As the planetary fixture rotates, the deposition angle will also change during the deposition. In this deposition, the growth state, packing density, and the roughness of film change accordingly, which leads to an uneven refractive index of the film. To investigate the deposition characteristics of the film on a steep convex lens, the mechanism of change of the deposition angle at different positions of the steep convex lens during the rotation of the planetary fixture was studied by computer simulation. The influences of the evolution of the deposition angle and the changes in the substrate temperature on the refractive index of the film were also studied. The results of experimental studies presented in this manuscript provided theoretical and practical guidance on the correction of the refractive index of the film on a steep lens.

Methods Magnesium fluoride (MgF₂), a commonly used coating material for deep ultraviolet optical thin films, was selected as the object of study. A single-layer film of magnesium fluoride was prepared by electron beam evaporation technology. The refractive index of the sample was obtained by spectral reflectance/transmittance envelope curve fitting method and the ellipsometer test method. The crystalline properties and morphology of the film were analyzed by X-ray diffraction and scanning electron microscopy, respectively. The evolution of the deposition angle during the rotation of the planetary fixture was obtained using software simulation.

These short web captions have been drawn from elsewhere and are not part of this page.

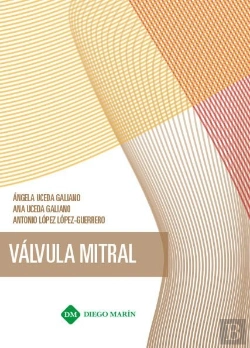 Bertrand.pt - Valvula Mitral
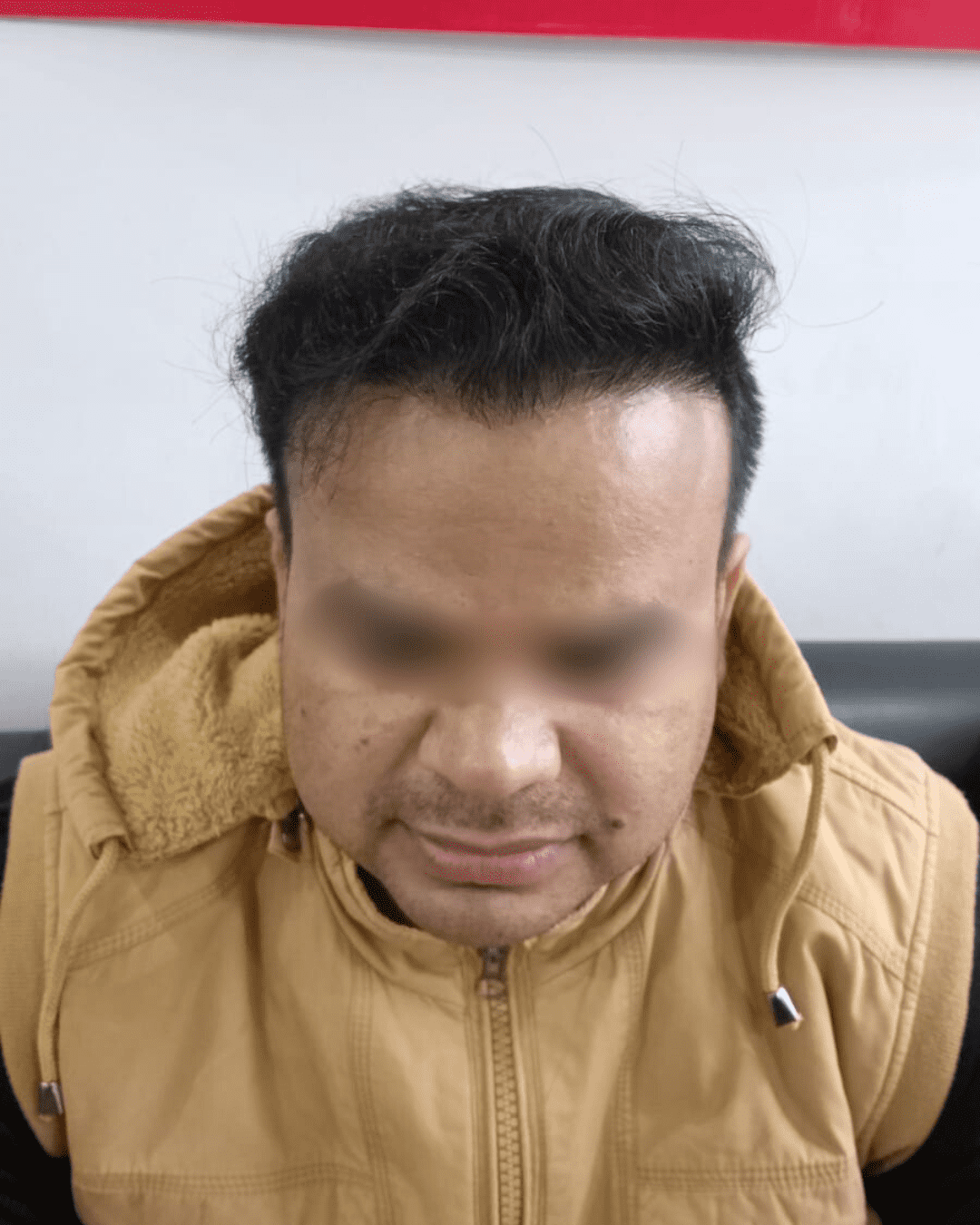 Hair transplant after image showing natural hair growth and restored hairline
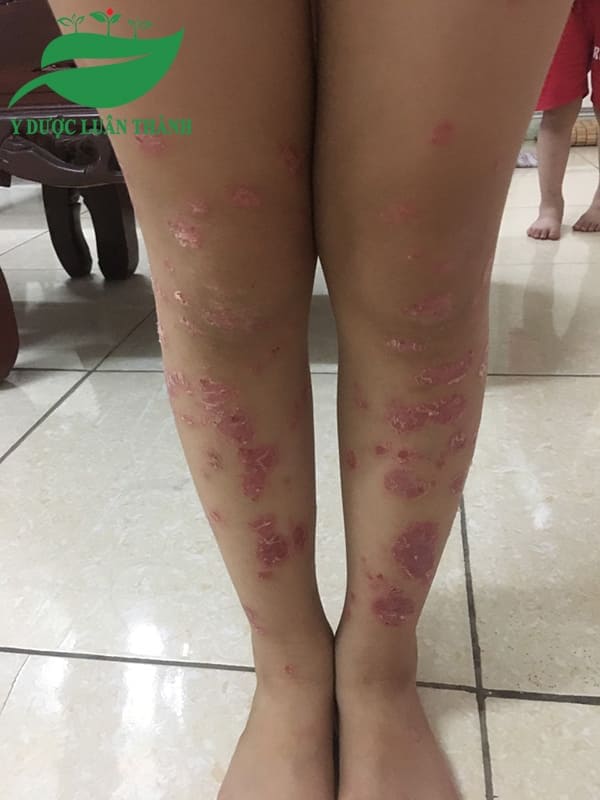 Những vùng da tổn thương tại chân khi chưa sử dụng sản phẩm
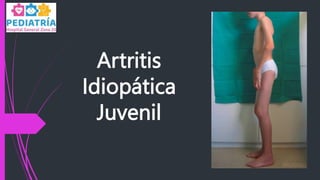 Artritis
Idiopática
Juvenil
 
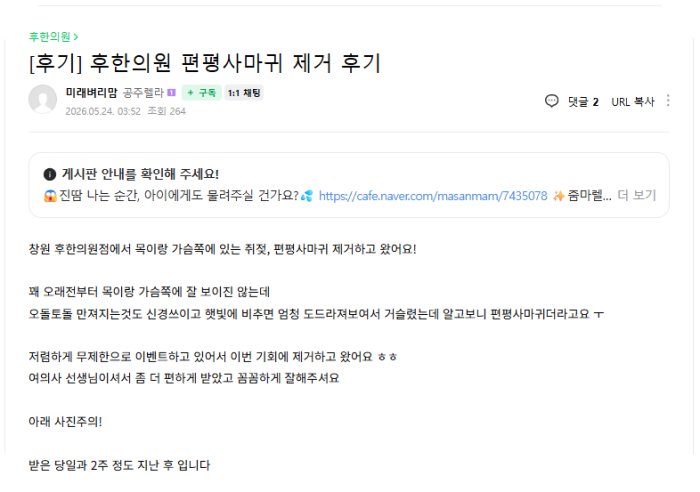 창원 후한의원 목 가슴 쥐젖 편평사마귀 제거 후기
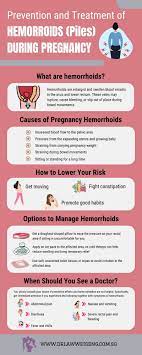 hemorrhoids piles during pregnancy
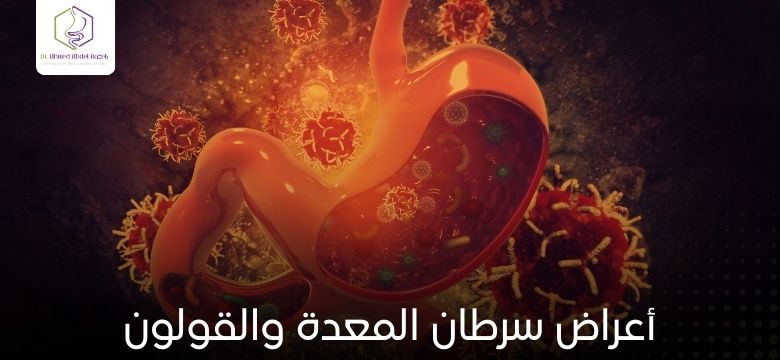 أعراض سرطان المعدة والقولون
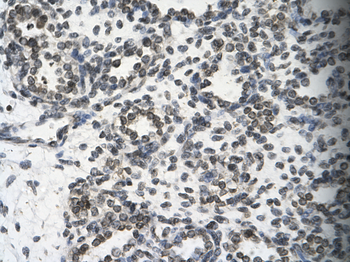 SMARCB1 Rabbit Polyclonal Antibody
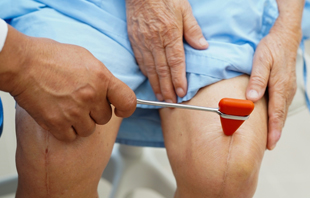 Revision Knee Replacement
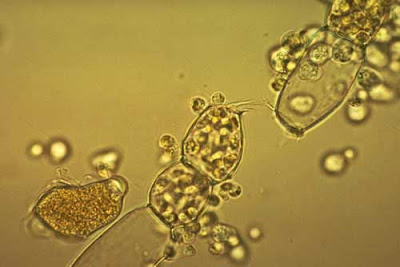 Chytridiomycota: Pengertian, Ciri, Struktur Tubuh, Contoh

Results and Discussions According to the results of computer simulation, the average deposition angle of the film gradually increases from the center of the lens to the edge, and the range of distribution of the deposition angle gradually increases too. The influence of structural characteristics becomes more obvious. When the substrate temperature is 25 ℃, the deposition angle significantly affects the refractive index of the MgF₂ film. As the deposition angle increases, the refractive index of the film gradually decreases. When the deposition angle increases from 0° to 85°, the refractive index of the MgF₂ film at 200 nm decreases from 1.42 to 1.28, the change in the refractive index is 0.14, and the non-uniformity of the refractive index is 10.22%. When the substrate temperature is 200 ℃, the refractive index of the MgF₂ film at 200 nm decreases from 1.45 to 1.39 with increasing deposition angle from 0° to 85°, the change in refractive index is 0.06 and the non-uniformity of refractive index is 4.51% (Fig.13). For the MgF₂ film deposited at a substrate temperature of 25 ℃, the non-uniformity of the refractive index strongly affects the residual reflectivity of the 193 nm AR coating, increasing from 0.04% to 4.72%, whereas for the MgF₂ deposited under high substrate temperature, the non-uniformity of the refractive index of the film layer increases the residual reflectivity of the 193 nm AR coating from 0.08% to 0.32% (Fig.13 and Fig.14).

Conclusions The influence of the deposition angle on the uniformity of refractive index of the film was systematically studied. For the convex lens close to a hemispherical shape, the occlusion effect will be more significant with an increase in the deposition angle from 1.41° to 90°, as a result of some parts of the substrate cannot be covered with a film. For the MgF₂ film, the non-uniformity of refractive index of the film at different deposition angles is 10.22% at 25 ℃, which significantly affects the optical properties of the 193 nm AR coating. When the substrate temperature increased to 200 ℃, the non-uniformity of refractive index of the film at different deposition angles decreased to 4.51%, while the effect of the deposition angle on the optical properties of the 193 nm AR coating dramatically decreased. It is shown that increasing the substrate temperature in a certain range can effectively increase the uniformity of refractive index distribution. The results of the experimental studies presented in this manuscript provided theoretical and practical guidance on the correction of the refractive index of the film on steep lens.